После тщательной ревизии рисунков я пришел к выводу, что половину из них можно было выбросить.

— Что им тут могло понравиться? — недоверчиво поинтересовался я.

— Все понравилось. Они с удовольствием приняли бы тебя в школу.

— В какую школу?

— Ну, в эту… при Академии художеств.

— Правда? В Москве?

— Да.

— А сколько дорога стоит? — спросил я и сам же себе ответил: — Дорого…

Мама вздохнула:

— Да. Все упирается в деньги.

Примерно такой же финал ожидал меня, когда я захотел учиться играть на скрипке.

— Я бы так мечтала! — сказала мама. — Только у кого просить денег?

Не знаю почему, но звук скрипки всегда производил на меня завораживающее впечатление. У нас была пластинка с красивой скрипичной музыкой, я мог слушать ее бесконечно. Интересно, как долго можно находиться под гипнозом? Минуту, две, час?

Я околдован пеньем скрипки до сего дня.

И все‑таки я нашел себя.

В тринадцать лет у меня началась мутация голоса и прорезался басок.

Примерно за две недели до Нового, 1958 года ко мне подошла Лида П., которая мне очень нравилась, и сказала:

— Мы готовим новогоднее представление. У нас есть все звери, но нет медведя. Хочешь быть медведем?

— Не — а, — отмахнулся я.

Почему? Я стеснялся выступать перед публикой. Но стоило ли признаваться?

— Не хочу, — сказал я.

— Жалко. Играли бы вместе. Там у зайчика с медведем дружба.

Лида сказала это так проникновенно, что внутри меня что- то дрогнуло.

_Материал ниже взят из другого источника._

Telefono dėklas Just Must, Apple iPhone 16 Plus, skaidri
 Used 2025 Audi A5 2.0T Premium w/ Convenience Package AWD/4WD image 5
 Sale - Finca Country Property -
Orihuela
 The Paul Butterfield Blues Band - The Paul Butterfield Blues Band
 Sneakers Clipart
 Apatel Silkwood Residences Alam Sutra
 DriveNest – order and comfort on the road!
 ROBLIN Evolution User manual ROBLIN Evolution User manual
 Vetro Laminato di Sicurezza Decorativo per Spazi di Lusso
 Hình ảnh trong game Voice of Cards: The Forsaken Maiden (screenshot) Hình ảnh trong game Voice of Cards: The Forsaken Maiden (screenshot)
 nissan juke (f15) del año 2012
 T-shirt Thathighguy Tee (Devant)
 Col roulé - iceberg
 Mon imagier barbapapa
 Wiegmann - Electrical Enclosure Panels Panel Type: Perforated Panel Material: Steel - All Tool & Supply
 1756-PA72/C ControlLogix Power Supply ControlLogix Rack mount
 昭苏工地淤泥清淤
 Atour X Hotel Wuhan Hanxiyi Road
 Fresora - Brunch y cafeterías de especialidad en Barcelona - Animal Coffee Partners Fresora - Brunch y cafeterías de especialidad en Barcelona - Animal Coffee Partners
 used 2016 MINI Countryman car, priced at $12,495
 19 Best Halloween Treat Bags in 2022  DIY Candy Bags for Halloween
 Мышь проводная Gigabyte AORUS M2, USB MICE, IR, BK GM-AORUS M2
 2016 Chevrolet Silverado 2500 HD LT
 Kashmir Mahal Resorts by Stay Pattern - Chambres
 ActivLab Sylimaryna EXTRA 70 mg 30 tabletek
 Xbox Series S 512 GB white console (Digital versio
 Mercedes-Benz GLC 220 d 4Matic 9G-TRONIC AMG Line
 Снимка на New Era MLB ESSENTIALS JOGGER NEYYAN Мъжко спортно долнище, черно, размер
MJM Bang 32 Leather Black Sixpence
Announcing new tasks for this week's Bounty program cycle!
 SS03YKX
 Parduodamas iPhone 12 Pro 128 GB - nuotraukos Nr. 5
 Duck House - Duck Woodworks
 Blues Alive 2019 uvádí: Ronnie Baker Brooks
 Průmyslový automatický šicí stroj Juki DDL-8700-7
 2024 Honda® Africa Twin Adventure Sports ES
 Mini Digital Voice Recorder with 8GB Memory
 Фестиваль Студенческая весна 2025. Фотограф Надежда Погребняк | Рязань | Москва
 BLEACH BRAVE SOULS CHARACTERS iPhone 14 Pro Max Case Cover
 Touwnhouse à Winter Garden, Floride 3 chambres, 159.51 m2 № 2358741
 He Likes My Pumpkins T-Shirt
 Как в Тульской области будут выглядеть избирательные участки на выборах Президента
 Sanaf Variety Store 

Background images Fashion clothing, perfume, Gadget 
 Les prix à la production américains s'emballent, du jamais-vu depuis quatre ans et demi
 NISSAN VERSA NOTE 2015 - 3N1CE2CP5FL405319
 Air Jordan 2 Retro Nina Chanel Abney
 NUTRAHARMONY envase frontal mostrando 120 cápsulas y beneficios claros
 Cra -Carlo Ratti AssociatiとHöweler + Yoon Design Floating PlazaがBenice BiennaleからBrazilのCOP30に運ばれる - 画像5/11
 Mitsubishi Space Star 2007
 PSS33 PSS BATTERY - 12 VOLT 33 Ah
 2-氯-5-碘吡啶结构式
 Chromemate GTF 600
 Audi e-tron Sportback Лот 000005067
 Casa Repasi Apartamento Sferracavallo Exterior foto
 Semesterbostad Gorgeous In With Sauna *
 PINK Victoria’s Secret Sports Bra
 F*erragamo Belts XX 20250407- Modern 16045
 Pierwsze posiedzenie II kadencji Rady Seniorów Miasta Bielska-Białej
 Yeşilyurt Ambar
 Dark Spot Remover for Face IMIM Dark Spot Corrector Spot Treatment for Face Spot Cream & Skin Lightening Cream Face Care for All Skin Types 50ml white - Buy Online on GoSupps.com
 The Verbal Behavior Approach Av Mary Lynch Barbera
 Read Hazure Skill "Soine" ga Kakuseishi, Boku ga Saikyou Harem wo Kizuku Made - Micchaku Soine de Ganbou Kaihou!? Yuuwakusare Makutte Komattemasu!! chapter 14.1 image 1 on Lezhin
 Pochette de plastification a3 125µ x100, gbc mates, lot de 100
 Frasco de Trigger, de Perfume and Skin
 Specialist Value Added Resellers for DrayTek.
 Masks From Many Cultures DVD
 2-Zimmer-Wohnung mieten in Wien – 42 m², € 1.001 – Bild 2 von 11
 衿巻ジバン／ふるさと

— После каждого выступления, — добавила Лида, — мы будем получать подарки. Ну, знаешь, конфеты, орешки…

Я невольно сглотнул слюну. Мое голодное воображение нарисовало целую гору конфет, ведь каникулы длятся долго. Я заколебался.

— Ну чего ты такой? — ласково пожурила Лида и положила свою мягкую ручку на мою. — Будь медведем.